* [EXTRACTED INFORMATION]:
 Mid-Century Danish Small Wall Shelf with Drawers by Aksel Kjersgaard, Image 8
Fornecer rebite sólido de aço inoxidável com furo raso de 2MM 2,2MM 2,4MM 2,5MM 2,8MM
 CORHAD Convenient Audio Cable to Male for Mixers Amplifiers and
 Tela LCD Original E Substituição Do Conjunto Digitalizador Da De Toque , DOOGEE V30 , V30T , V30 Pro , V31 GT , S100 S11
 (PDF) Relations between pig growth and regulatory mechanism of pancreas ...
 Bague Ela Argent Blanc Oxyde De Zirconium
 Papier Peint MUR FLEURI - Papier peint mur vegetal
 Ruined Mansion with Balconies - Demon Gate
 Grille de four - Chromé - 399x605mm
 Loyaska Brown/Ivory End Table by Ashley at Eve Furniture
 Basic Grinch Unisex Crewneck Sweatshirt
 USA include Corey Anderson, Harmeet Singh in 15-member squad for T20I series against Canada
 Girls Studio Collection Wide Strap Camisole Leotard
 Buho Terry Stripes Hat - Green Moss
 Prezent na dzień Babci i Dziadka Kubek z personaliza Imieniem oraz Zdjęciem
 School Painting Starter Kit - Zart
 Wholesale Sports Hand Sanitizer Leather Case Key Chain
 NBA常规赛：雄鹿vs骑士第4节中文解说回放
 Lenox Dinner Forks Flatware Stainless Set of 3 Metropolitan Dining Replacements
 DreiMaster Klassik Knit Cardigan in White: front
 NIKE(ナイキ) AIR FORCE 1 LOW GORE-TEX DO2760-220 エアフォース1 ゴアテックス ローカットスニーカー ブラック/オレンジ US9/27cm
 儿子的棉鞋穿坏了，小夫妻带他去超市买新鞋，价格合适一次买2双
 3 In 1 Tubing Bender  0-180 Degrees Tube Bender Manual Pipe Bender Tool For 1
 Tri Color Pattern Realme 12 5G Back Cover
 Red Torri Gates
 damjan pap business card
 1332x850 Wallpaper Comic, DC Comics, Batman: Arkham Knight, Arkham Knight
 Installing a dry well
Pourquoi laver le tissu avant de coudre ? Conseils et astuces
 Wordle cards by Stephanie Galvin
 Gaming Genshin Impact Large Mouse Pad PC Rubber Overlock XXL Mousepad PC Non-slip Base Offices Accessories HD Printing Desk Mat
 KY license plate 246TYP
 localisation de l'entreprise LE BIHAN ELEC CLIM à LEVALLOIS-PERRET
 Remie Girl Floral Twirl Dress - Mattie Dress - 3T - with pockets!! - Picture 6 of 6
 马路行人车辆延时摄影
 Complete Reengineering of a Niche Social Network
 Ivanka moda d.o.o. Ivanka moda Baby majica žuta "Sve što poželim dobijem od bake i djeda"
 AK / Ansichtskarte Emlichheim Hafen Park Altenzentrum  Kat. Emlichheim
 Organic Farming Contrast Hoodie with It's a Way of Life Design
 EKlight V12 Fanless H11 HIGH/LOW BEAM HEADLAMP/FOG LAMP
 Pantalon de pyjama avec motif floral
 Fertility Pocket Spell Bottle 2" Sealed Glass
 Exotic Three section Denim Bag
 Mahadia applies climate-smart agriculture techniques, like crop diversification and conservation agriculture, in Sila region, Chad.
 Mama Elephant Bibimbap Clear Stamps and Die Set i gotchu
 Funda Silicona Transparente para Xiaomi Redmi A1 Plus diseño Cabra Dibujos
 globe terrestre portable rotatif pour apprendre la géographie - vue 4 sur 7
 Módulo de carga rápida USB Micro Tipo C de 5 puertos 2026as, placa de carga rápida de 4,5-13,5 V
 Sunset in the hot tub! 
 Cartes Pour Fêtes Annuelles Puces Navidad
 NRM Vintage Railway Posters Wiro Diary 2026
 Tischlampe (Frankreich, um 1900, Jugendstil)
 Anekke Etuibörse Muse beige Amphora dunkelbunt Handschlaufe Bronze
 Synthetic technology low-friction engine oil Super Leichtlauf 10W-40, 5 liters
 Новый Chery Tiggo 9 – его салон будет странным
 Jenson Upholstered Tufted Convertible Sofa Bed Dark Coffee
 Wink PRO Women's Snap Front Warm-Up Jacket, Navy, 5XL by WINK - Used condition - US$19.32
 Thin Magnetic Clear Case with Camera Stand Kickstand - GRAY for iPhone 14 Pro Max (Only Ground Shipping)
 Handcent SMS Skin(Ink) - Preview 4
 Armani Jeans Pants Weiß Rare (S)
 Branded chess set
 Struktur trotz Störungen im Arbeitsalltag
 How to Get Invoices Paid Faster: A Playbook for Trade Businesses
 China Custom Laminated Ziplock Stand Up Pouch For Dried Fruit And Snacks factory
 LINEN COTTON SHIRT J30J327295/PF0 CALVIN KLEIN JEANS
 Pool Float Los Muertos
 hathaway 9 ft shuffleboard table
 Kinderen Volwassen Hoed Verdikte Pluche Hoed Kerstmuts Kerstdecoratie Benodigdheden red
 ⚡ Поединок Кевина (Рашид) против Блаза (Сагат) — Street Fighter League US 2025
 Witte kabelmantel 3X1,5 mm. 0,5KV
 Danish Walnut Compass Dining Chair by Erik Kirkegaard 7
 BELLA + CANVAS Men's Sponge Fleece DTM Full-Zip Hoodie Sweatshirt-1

* [ABOUT THIS EXERCISE]: Copy each line holding the word "Stand" from the listing above.

* [TASK RESULT]:
 Thin Magnetic Clear Case with Camera Stand Kickstand - GRAY for iPhone 14 Pro Max (Only Ground Shipping)
 China Custom Laminated Ziplock Stand Up Pouch For Dried Fruit And Snacks factory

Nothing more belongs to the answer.